Analisis Ekspresi Diferensial

Setelah normalisasi, uji statistik mengidentifikasi gen dengan perubahan ekspresi signifikan antar kondisi. Uji-t termoderasi, diimplementasikan dalam paket limma, meminjam informasi antar gen untuk menstabilkan estimasi varians. Koreksi pengujian berganda menggunakan metode Benjamini-Hochberg mengendalikan laju penemuan palsu. Hasil biasanya dilaporkan sebagai perubahan lipatan dengan nilai-p yang disesuaikan. Gen dengan perubahan lipatan di atas ambang dan nilai-p yang disesuaikan di bawah 0,05 dianggap diekspresikan secara diferensial.

Klastering dan Klasifikasi

Klastering tak terawasi mengelompokkan gen atau sampel berdasarkan kesamaan ekspresi tanpa pengetahuan sebelumnya. Klastering hierarkis menghasilkan dendrogram di mana gen dengan profil ekspresi serupa dikelompokkan bersama. Klastering K-means mempartisi gen ke dalam sejumlah klaster yang ditentukan. Pendekatan ini dapat mengungkapkan kelompok gen yang diregulasi bersama dan subtipe sampel baru.

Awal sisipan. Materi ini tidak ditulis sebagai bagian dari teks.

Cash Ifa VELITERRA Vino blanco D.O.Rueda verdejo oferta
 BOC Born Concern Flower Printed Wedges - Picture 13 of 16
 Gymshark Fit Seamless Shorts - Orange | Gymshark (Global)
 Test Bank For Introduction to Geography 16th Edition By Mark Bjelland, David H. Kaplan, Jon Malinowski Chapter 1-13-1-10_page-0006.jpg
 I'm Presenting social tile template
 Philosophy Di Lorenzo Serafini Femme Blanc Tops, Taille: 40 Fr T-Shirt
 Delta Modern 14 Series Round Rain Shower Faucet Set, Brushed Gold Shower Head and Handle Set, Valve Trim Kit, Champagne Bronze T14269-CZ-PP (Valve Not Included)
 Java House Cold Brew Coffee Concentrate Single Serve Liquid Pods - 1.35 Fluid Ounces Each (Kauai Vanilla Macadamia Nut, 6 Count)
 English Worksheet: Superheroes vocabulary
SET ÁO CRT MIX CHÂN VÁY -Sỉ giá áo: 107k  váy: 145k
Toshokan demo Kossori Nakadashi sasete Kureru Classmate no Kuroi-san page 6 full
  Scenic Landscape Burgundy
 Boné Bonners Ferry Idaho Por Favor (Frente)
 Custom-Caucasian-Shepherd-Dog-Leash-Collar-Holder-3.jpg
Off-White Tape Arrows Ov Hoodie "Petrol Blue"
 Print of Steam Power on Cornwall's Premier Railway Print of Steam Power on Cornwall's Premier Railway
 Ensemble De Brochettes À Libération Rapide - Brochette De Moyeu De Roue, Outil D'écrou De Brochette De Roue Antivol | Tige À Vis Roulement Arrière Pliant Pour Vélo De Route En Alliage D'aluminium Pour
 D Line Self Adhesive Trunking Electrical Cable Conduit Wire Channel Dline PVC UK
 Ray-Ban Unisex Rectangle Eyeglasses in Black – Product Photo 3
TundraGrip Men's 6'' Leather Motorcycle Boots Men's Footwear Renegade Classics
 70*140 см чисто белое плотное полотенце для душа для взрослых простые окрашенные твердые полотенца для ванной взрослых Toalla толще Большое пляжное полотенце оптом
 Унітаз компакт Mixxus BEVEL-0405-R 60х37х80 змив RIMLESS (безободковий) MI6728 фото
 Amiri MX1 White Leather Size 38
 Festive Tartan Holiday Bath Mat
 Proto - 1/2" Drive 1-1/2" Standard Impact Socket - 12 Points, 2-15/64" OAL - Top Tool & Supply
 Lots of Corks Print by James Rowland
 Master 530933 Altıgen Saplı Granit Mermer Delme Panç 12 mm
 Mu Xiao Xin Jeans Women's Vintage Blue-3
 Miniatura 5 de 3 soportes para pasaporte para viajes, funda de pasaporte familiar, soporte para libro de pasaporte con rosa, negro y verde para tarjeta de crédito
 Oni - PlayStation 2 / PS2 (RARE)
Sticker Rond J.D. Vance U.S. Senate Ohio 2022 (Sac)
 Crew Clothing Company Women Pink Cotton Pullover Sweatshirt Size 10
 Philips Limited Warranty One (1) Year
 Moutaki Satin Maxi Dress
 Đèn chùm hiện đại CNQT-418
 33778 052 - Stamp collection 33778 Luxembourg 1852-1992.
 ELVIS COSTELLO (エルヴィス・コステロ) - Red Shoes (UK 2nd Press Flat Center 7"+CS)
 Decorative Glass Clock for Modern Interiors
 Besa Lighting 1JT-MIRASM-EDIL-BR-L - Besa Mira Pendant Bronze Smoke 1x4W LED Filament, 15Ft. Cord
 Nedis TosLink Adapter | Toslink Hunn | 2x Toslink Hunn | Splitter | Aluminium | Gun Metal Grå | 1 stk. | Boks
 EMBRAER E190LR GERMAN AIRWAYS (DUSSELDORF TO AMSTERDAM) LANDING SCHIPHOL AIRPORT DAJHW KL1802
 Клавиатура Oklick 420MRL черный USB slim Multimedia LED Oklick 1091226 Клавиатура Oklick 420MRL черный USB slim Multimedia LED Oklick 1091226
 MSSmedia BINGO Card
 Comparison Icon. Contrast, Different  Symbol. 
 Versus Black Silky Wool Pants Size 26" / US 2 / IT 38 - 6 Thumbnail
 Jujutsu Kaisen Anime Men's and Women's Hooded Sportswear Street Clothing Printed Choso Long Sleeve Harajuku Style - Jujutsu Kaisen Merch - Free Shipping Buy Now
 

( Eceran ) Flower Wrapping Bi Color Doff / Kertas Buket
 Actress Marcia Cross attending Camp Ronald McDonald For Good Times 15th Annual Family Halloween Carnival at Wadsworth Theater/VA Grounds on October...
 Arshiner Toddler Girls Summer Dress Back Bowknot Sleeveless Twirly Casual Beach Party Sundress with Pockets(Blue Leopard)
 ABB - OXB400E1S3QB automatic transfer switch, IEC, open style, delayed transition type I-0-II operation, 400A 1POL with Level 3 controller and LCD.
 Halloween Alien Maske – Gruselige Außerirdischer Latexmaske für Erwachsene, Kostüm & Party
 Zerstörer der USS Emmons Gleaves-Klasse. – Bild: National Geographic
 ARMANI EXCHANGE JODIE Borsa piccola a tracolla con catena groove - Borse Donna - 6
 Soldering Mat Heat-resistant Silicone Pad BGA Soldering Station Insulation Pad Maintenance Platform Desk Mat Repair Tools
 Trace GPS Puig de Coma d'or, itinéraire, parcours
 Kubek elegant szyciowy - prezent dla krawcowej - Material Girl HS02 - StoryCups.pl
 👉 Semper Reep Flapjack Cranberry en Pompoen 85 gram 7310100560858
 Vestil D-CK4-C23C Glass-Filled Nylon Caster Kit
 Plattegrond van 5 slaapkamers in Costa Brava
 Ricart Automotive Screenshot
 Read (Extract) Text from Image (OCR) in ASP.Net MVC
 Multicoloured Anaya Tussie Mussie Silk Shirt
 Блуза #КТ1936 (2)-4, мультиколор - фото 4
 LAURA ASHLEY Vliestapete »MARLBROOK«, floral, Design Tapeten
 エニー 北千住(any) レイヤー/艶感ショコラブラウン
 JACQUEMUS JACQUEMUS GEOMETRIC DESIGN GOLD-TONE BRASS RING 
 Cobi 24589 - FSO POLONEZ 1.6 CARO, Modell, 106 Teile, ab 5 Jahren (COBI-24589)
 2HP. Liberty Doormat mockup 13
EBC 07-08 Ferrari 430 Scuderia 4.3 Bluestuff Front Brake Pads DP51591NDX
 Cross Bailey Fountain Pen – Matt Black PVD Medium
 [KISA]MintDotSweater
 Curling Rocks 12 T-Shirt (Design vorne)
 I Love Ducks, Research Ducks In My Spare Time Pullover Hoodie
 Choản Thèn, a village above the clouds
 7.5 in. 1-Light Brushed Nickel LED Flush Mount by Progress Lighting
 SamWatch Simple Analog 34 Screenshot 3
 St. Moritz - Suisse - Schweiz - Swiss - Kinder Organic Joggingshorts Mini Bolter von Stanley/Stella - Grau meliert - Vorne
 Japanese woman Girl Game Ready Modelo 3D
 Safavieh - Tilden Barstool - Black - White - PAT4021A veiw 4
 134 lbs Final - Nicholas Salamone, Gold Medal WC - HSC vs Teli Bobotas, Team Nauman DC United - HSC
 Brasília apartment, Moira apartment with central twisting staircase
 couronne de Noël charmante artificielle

Klasifikasi terawasi menggunakan label sampel yang diketahui untuk membangun prediktor yang dapat mengklasifikasikan sampel yang tidak diketahui. Mesin vektor dukungan, hutan acak, dan pengklasifikasi tetangga terdekat diterapkan. Tanda tangan ekspresi gen dapat mengklasifikasikan subtipe kanker, memprediksi prognosis, dan memandu pemilihan pengobatan. Tanda tangan PAM50 mengklasifikasikan kanker payudara ke dalam subtipe molekuler dengan prognosis berbeda.

Aplikasi

Microarray telah diterapkan di hampir setiap bidang biologi. Penelitian kanker menggunakan microarray untuk mengklasifikasikan tumor, mengidentifikasi tanda tangan prognostik, dan menemukan target obat. Uji kanker payudara MammaPrint dan Oncotype DX menggunakan tanda tangan ekspresi gen untuk memprediksi risiko kekambuhan. Biologi perkembangan mempelajari program transkripsi yang mendorong diferensiasi. Toksikologi menggunakan microarray untuk profil toksikogenomik. Microarray juga mendeteksi variasi jumlah salinan ketika digunakan untuk hibridisasi genomik komparatif.

Keterbatasan dan Transisi ke RNA-Seq

Microarray memiliki keterbatasan termasuk ketergantungan pada sekuens probe yang telah ditentukan, rentang dinamis terbatas, dan ketidakmampuan mendeteksi transkrip novel atau varian sambungan. Pengurutan RNA, aplikasi kunci dari pengurutan generasi berikutnya, telah menggantikan microarray untuk analisis ekspresi gen. RNA-seq menyediakan data hitungan digital dengan sensitivitas dan rentang dinamis yang lebih tinggi, mendeteksi transkrip dan isoform baru, dan tidak memerlukan probe yang telah ditentukan. Namun, microarray tetap berguna untuk organisme yang terk karakterisasi dengan baik dan aplikasi klinis di mana platform standar menguntungkan.